By now, pattern-matching syntax should be second nature to us.

(a ?x c)
(job ?x (computer ?y))
(job ?x (computer . ?y))
(a ?x ?x)
(?x ?y ?y ?x)
(a . ?x)

match asks the question: is there any way to match a pattern with data, subject to bindings already in a dictionary?

(match pat data dictionary)

The matcher was already covered in the lecture on systems with rule-based control, so we'll skip it here.

1 Implementation of means of combination

Sorry, your browser does not support SVG. Sorry, your browser does not support SVG.

We have closure. The means of combination have the same overall structure as the primitive things that we're combining.

2 Implementation of means of abstraction

How do we implement a rule? Here's a quick recap of a rule.

(rule (boss ?z ?d)
      (and (job ?x (?d . ?y))
           (supervisor ?x?z)))

We match the conclusion of the rule against something we want to check is true. That match gives us a dictionary, and with respect to the dictionary, we process the body of the rule.

Actually, this is not quite true.

(boss ?who computer)

Here we aren't matching a pattern against data, we are matching two patterns and asking if they are consistent. A pattern matcher does not suffice; we require a unifier, a slight generalisation of a pattern matcher. A unifier takes two patterns and finds the most general thing that can be substituted for the variables in those two patterns to satisfy both simultaneously.

unify (?x ?x)
with ((a ?y z) (a b ?z))
?x : (a b c)
?y : b
?z : c

A more complicated example.

unify (?x ?x)
with ((?y a ?w) (b ?v ?z))
?y : b
?v : a
?w : ?z
?x : (b a ?w)

Nothing clever is happening here. Just recursion.

unify (?x ?x)
with (?y (a . ?y))
should result in:
?x : ?y
?y : (a a a ...)

y must be an infinite list of a's. The logic program can't handle this.

3 Apply

To apply a rule
Evaluate the rule body relative to an environment formed by unifying the rule conclusion with the given query.

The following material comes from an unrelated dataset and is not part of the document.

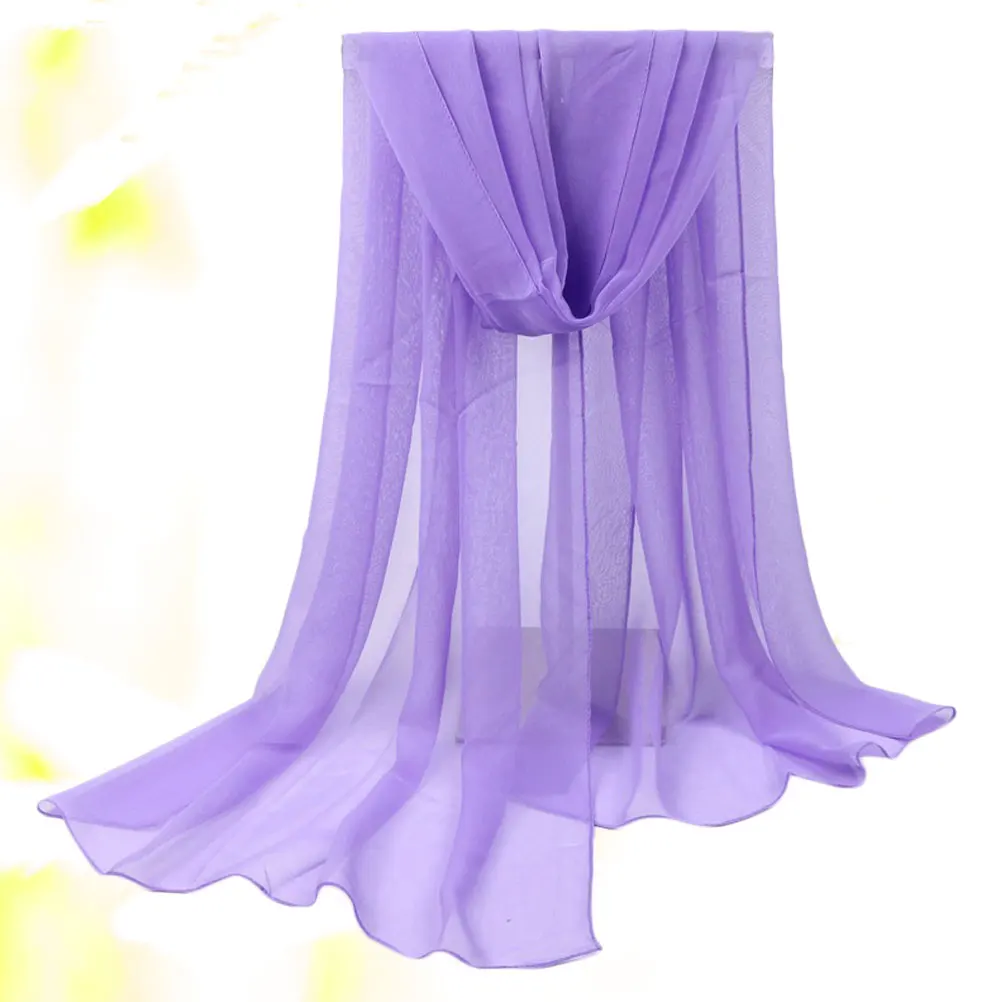 

Sunscreen Scarf Solid Color for Women Summer Purple Gauze Capes Stylish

Compare this to applying a procedure.

To apply a procedure
Evaluate the procedure body relative to an environment formed by binding the procedure parameters to the argument.

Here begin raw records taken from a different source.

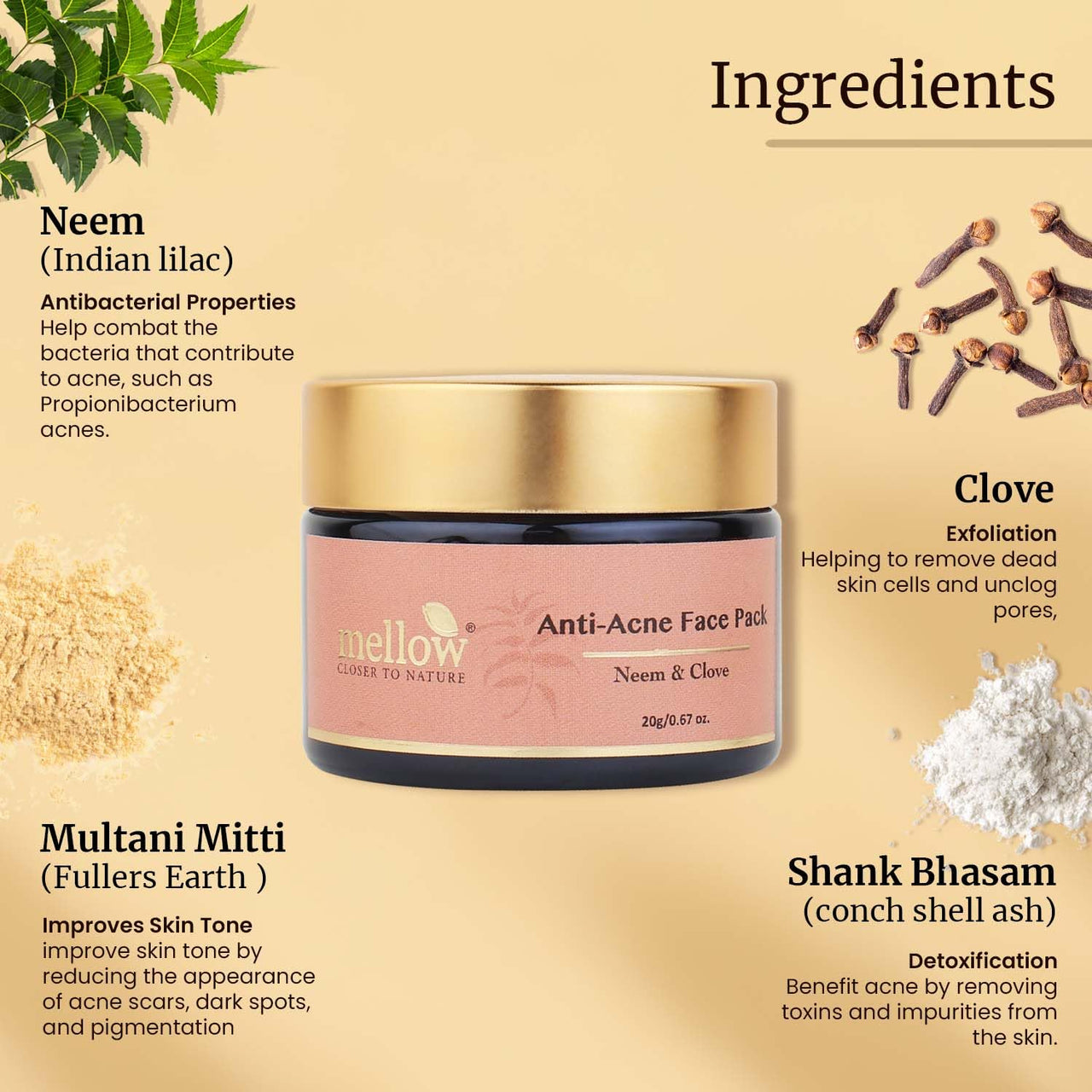 Mellow Herbal Anti Acne Face Pack | Ayurvedic Neem, Clove & Multani Mitti | Controls Oil, Reduces Pimples & Acne Scars | Deep Cleansing & Detoxifying | Natural & Chemical-Free | 20gm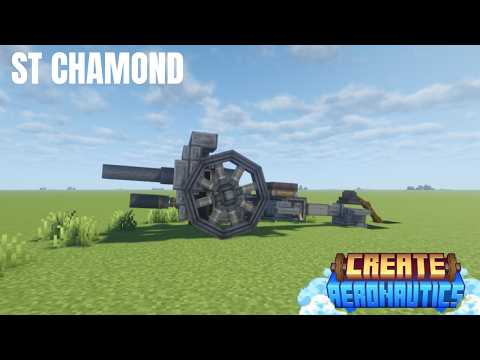 Working WW1 fieldgun in Minecraft (Create Aeronautics)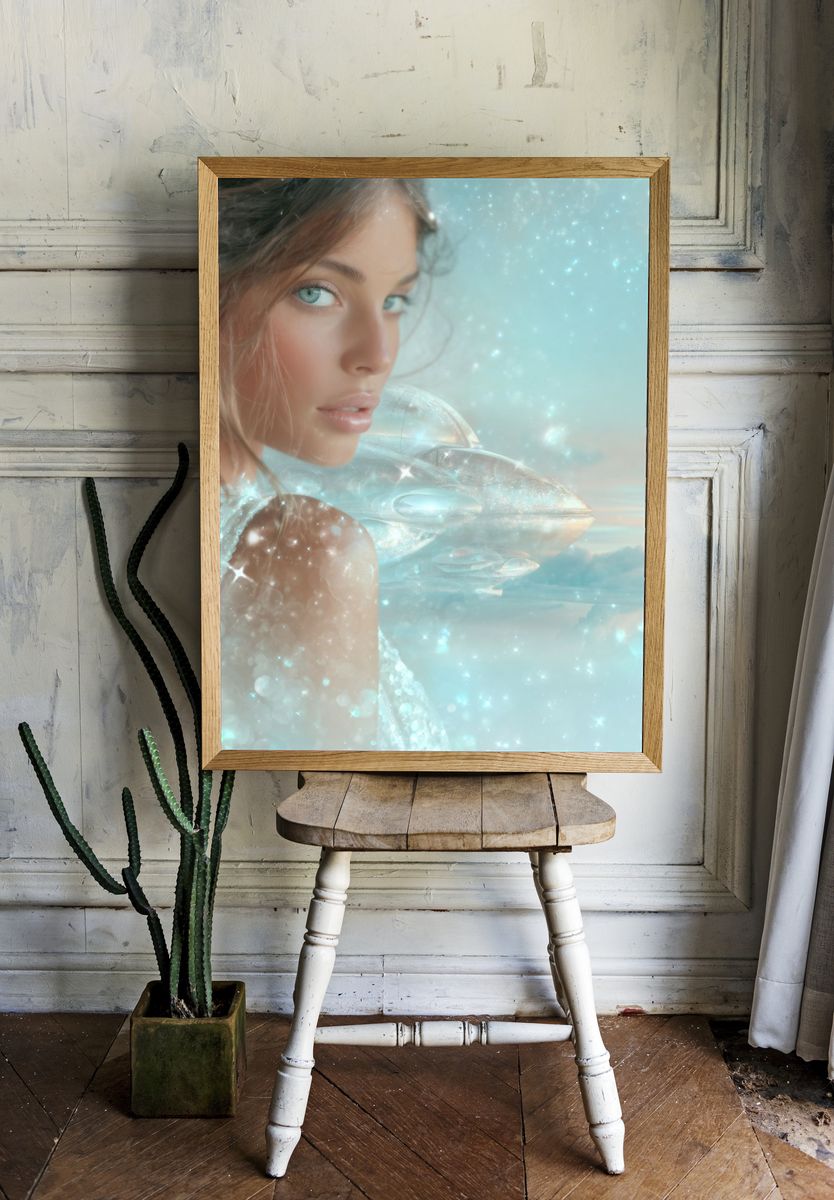 Celestial Portrait Digital Art Print. room preview
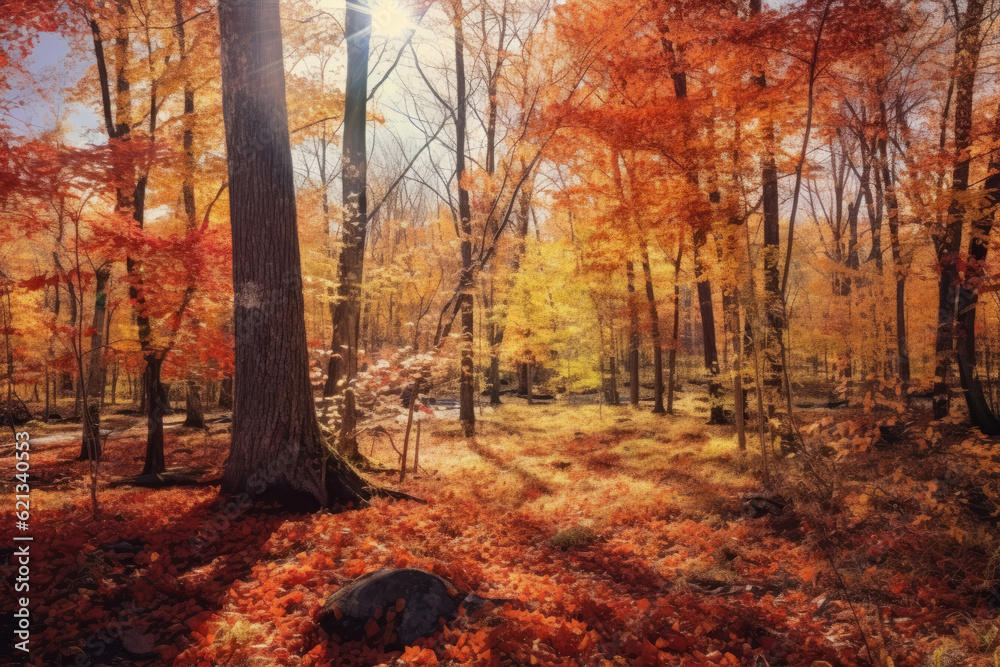 Obraz premium panoramic view of a vibrant autumn forest, with trees adorned in a stunning display of red, orange, and gold leaves, creating a captivating scene of nature's beauty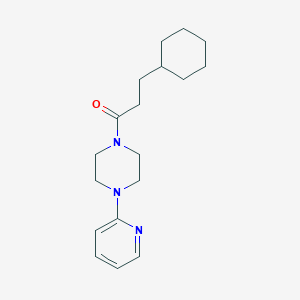 molecular formula C18H27N3O B3708018 3-CYCLOHEXYL-1-[4-(2-PYRIDYL)PIPERAZINO]-1-PROPANONE 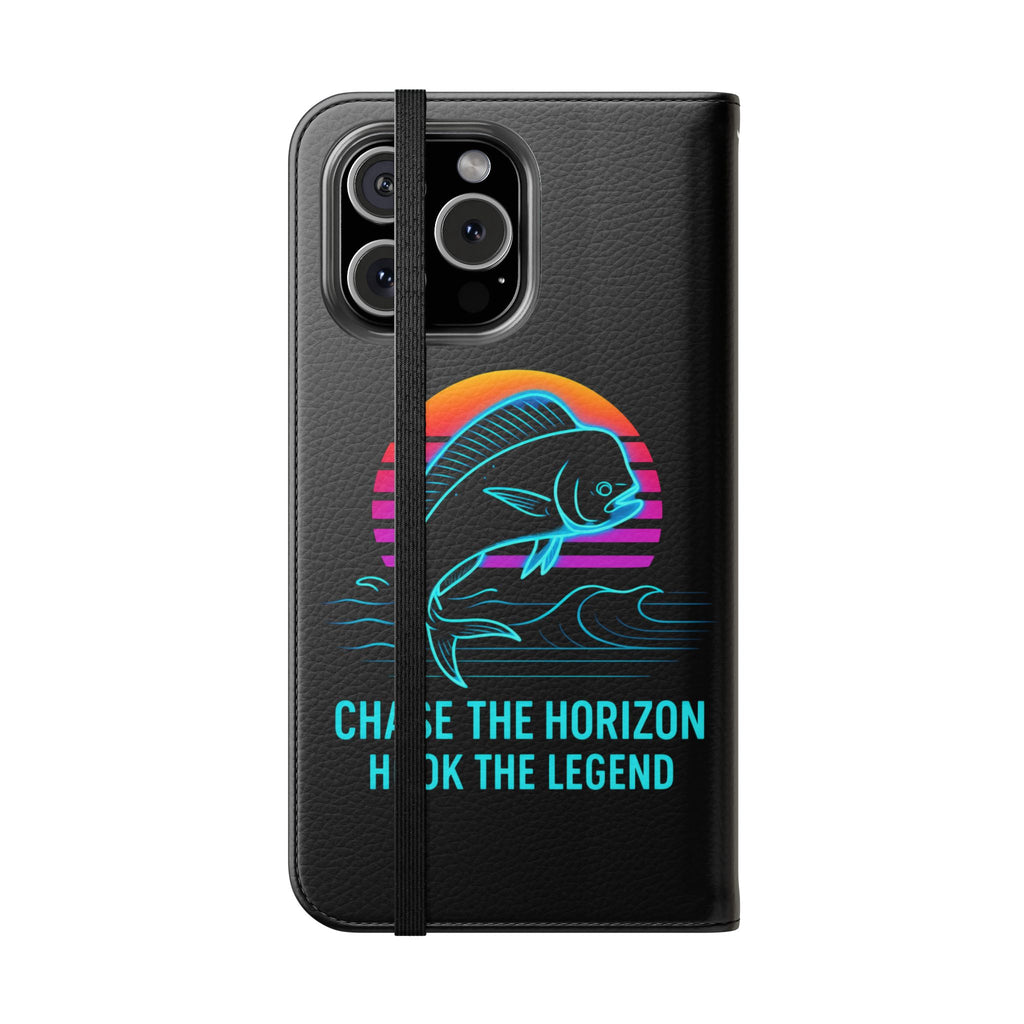 Mahi Mahi Flip Phone Case — Turquoise Water Pattern Wallet Cover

We see the eval apply loop yet again.

4 Naming conflicts

To avoid name conflicts, we use the environment model. A more brutal (and inefficient) method is also possible: every time a rule is applied, rename all of the variables in the rule to some new unique names that won't conflict with anything else.

5 Not

and, or, not, and the logical implication of rules are not quite as they seem.

In logic (and p q) and (and q p) are equivalent statements. This is not the case in our language.

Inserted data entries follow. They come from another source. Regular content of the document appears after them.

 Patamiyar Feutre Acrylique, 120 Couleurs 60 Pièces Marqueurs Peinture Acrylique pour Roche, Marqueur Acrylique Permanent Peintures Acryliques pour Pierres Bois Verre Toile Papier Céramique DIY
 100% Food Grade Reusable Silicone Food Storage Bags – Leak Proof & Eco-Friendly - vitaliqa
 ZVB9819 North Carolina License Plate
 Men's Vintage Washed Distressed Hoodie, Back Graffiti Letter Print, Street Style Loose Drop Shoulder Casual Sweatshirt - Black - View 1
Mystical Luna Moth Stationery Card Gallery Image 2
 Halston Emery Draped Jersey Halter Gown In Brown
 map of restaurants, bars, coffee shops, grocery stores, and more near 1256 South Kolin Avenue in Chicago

(rule (outranked-by ?s ?B)
      (or (supervisor ?s ?b)
          (and (supervisor ?s ?m)
               (outranked-by ?m ?b))))
(rule (outranked-by ?s ?B)
      (or (supervisor ?s ?b)
          (and (outranked-by ?m ?b)
               (supervisor ?s ?m))))

The first statement functions as expected; the second leads to an infinite loop. Changing and​s and or​s in logic programming can drastically change the speed of the queries.

All humans are mortal.
All Greeks are humans.
Socrates is a Greek.
∴ Socrates is a Greek.

(Greek Socrates)
(Greek Plato)
(Greek Zeus)
(god Zeus)
(rule (mortal ?x) (human ?x))
(rule (fallible ?x) (human ?x))
(rule (human ?x)
      (and (Greek ?x) (not (god ?x))))
(rule (address ?x Olympus)
      (and (Greek ?x) (god ?x)))
(rule (perfect ?x)
      (and (not (mortal ?x))
           (not (fallible ?x))))

Ask for the address of all perfect beings.

(and (address ?x ?y)
     (perfect ?x))

(and (perfect ?x)
     (address ?x ?y))

So is it Mount Olympus, or nothing? How do we know that Zeus is not mortal, and not fallible? This is not defined anywhere.

not does not mean the logical not. not means not deducible: there no such thing in the database, as opposed to not true. This is called the closed world assumption. Under this assumption, all kinds of issues turn up, such as not not x not being equal to x. Closed world assumption is dangerous for real reasoning problems, marking a chasm between declarative and imperative knowledge.

If you start building up real reasoning programs based on this, think how dangerous that is. You're saying: "I know I'm in a position to deduce everything true that's relevant to this problem. I'm reasoning, and built into my reasoning mechanism is the assumption that anything that I don't know can't possible be relevant to this problem, right?" There are a lot of big organisations that work like that. Most corporate marketing divisions work like that.